Despite the rapid progress in the area of renewable energies, the world is still dependent on oil and gas for the foreseeable future. Therefore, in order to meet future energy demands, improving oil recovery with a low-carbon footprint must be in the spotlight. Oil recovery can be enhanced by maximizing the well–reservoir contact through the drilling of long horizontal wells. One of the main challenges of using such wells is the early breakthrough of unwanted fluids (water and/or gas) due to the heel-toe effect and heterogeneity along the well. To tackle this problem, advanced wells are widely applied today. Advanced (smart or intelligent) wells are horizontal wells completed with downhole flow control devices (FCDs), annular flow isolation (AFI), sand control screens (SCSs), and monitoring and control systems [1]. Figure 1 depicts a schematic of advanced well completion (AWC).
FCDs are the key components of AWC. FCDs are divided into four main categories: inflow control devices (ICDs), autonomous inflow control devices (AICDs), autonomous inflow control valves (AICVs), and interval control valves (ICVs). ICDs are installed as a passive (fixed) flow restrictor on the production tubing and are able to passively reduce the production of unwanted fluids by delaying water or gas breakthrough. However, ICDs cannot limit the production of unwanted fluid after the breakthrough. To address this issue, AICDs and AICVs have been developed as robust alternatives. AICDs and AICVs are able to choke low-viscosity fluids (relative to oil) after the breakthrough in an autonomous manner. As a result, in addition to delaying water or gas breakthrough, these technologies are able to reactively limit the production of undesired fluids after breakthrough. AICDs and AICVs cannot be controlled after the well deployment. As a result, when the inflow needs to be flexibly controlled, ICVs are used. These valves can be regulated using an electric, hydraulic, or wireless system from the surface. As a result, by applying ICVs, the production of unwanted fluids can be proactively controlled. However, due to the high cost and technical difficulties of installation, the application of ICVs is limited and they are not studied in this paper [3].
A successful and optimized design for advanced wells can significantly improve oil recovery. However, to achieve this, several parameters must be considered and precisely evaluated. This is a significantly time-consuming process using physics-driven models when the reservoir model is complex and there is uncertainty in the model design parameters. This is due to the fact that for describing the multiphase fluid flow from the reservoir pore to the production tubing through physics-driven models, a complex set of partial differential equations (PDEs) needs to be solved for each time step. Moreover, for such complex numerical simulations, the need for big data storage poses additional problems. To deal with these challenges, data-driven proxy models can be considered one of the most practical solutions. In other words, instead of a computationally expensive physics-based numerical model, a fast and reasonably accurate proxy model can be utilized for the prediction of advanced well performance and accordingly improve the advanced well completion design. This study is an effort to assess the functionality of data-driven proxy models for improving the design of advanced wells under uncertainty in the reservoir rock and fluid properties. This aim is followed by establishing a workflow for developing fast and accurate proxy models for advanced wells completed with the main types of FCDs.

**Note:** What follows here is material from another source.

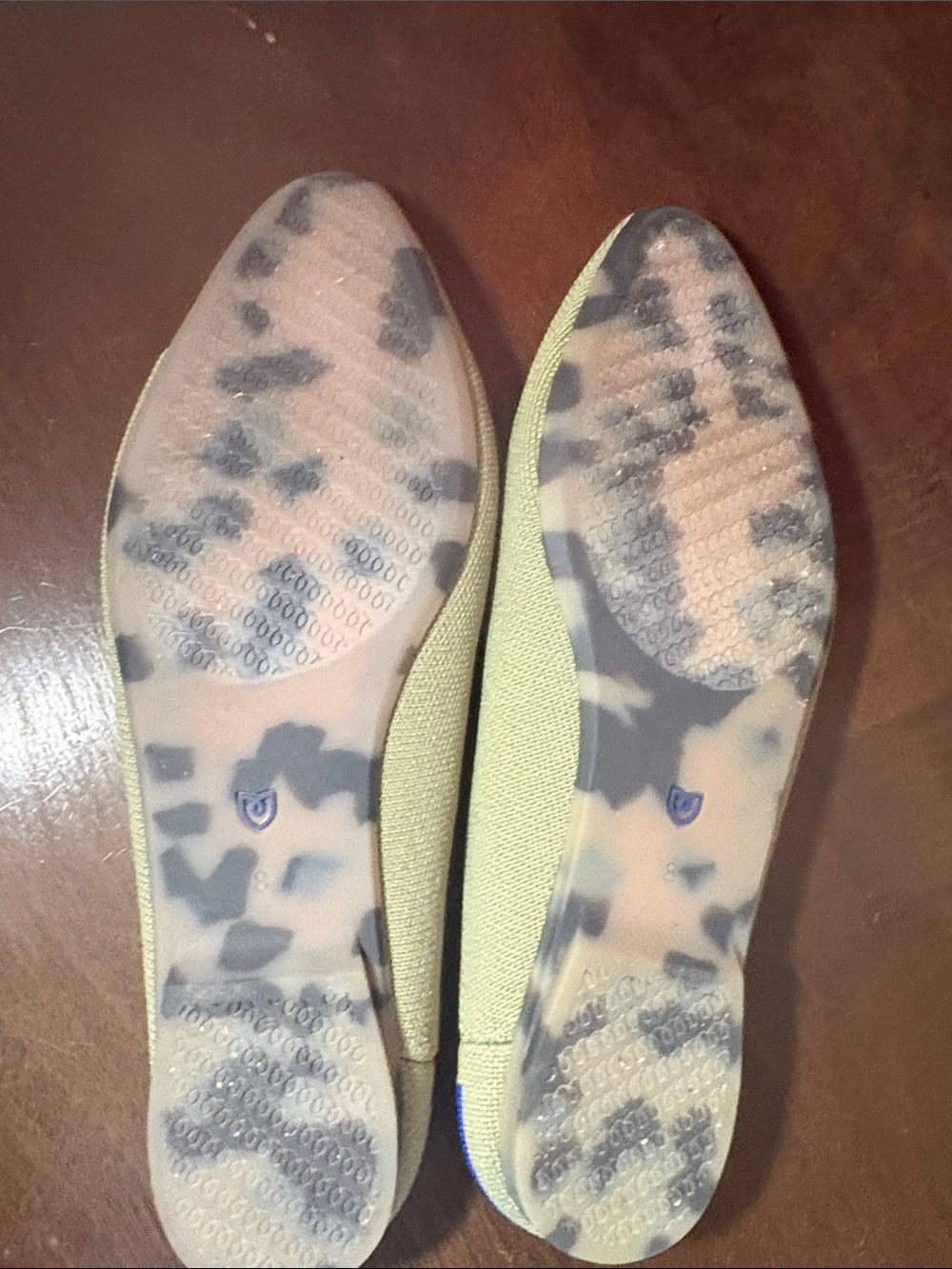 Rothy's Pointed Slip-On Mules in Light Green with Blue Trim - Picture 3 of 3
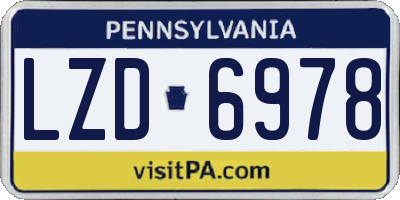 PA license plate LZD6978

Khuri et al. [4] introduced response surface methodologies (RSMs), reduced-order models (ROMs), and reduced physics models (RPMs) as the first techniques to generate the proxy models. Among these techniques, RSM is the most commonly used approach. By accounting for a set of statistical and mathematical techniques, RSM develops a logical relation between the outputs of interest and associated input parameters. Nonetheless, these days, data-driven models as a newly proxy-generating approach are being developed. Indeed, based on data mining and artificial intelligence, scientists are developing proxies to simulate a system [5].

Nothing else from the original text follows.